FDR False Discovery Rate associated with the allele-specific expression p-value.
Genes are sorted by ascending p-value. Only genes/transcripts overlapping with at least one heterozygous substitution are reported in the output.
Genes with an associated FDR lower than an arbitrary threshold (usually 0.01 or 0.05) can be considered as showing a genuine allele-specific expression bias.
- The quality of the variant calls in the VCF is a critical factor in obtaining high-confidence results from aScan. Hypervariable and low-mappability regions should be excluded from the analysis.
- The quality of the GTF transcripts/genes annotation is also essential for better results. Annotations of predicted transcripts should be excluded if not strictly necessary in your analysis.

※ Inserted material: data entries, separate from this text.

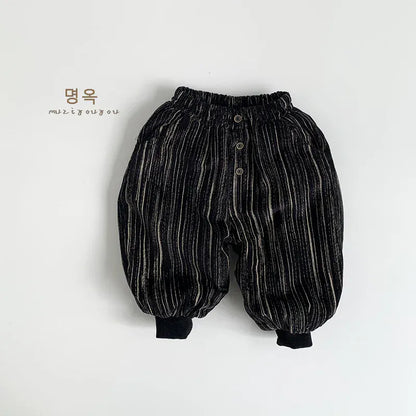 ロングパンツ・スウェットパンツ Black / 12M  80CM キッズパンツ コーデュロイストライプ裏フリースロングパンツ【mh0008167】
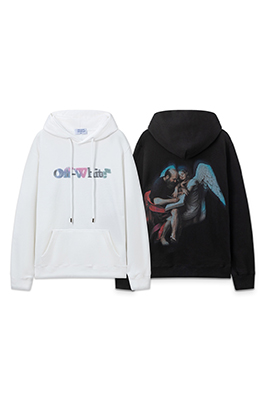 オフホワイト エンジェルエルダー ルーズフード付きスウェットシャツ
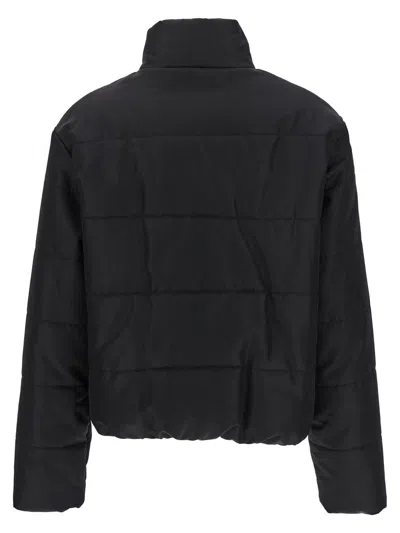 Moschino Quilted Shell Hooded Jacket In Black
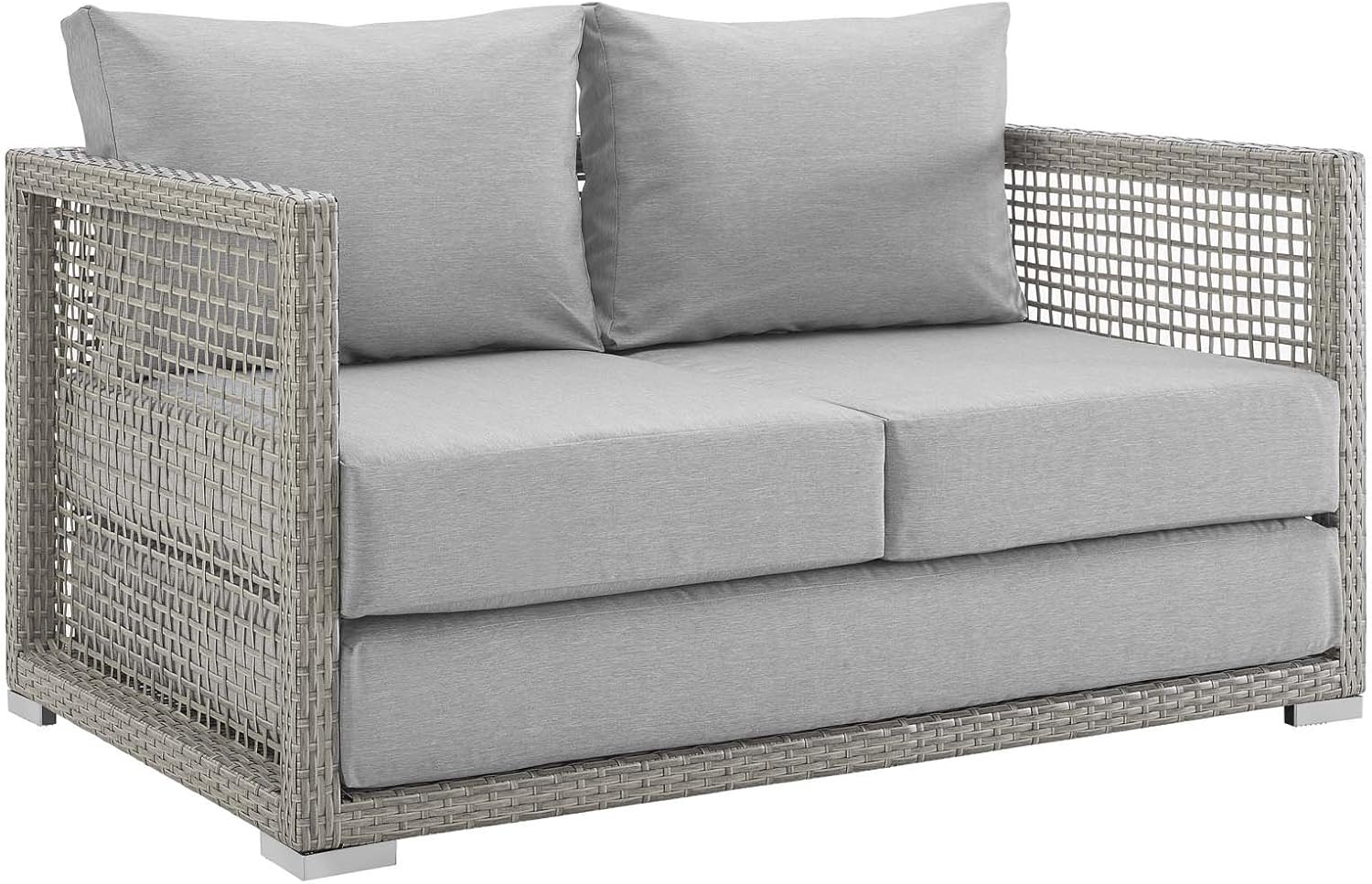 Modway Aura Wicker Rattan Outdoor Patio 52" Loveseat with Cushions in Gray Gray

- Particular attention should be paid at overlapping genes or transcripts with significantly different expression levels (i.e., one is highly expressed while the other is low or not expressed) having heterozygous substitutions on their shared exon(s). In fact, in those cases, the type (ASE or not ASE) of the high expressed gene could mask the type of the low expressed gene.
- Chromosome names/identifiers must be consistent among the BAM, VCF and GTF files. For example, if chr1 is used as the identifier for chromosome 1 in the BAM file, it is not possible to use Chr1 or just 1 in the VCF or GTF files.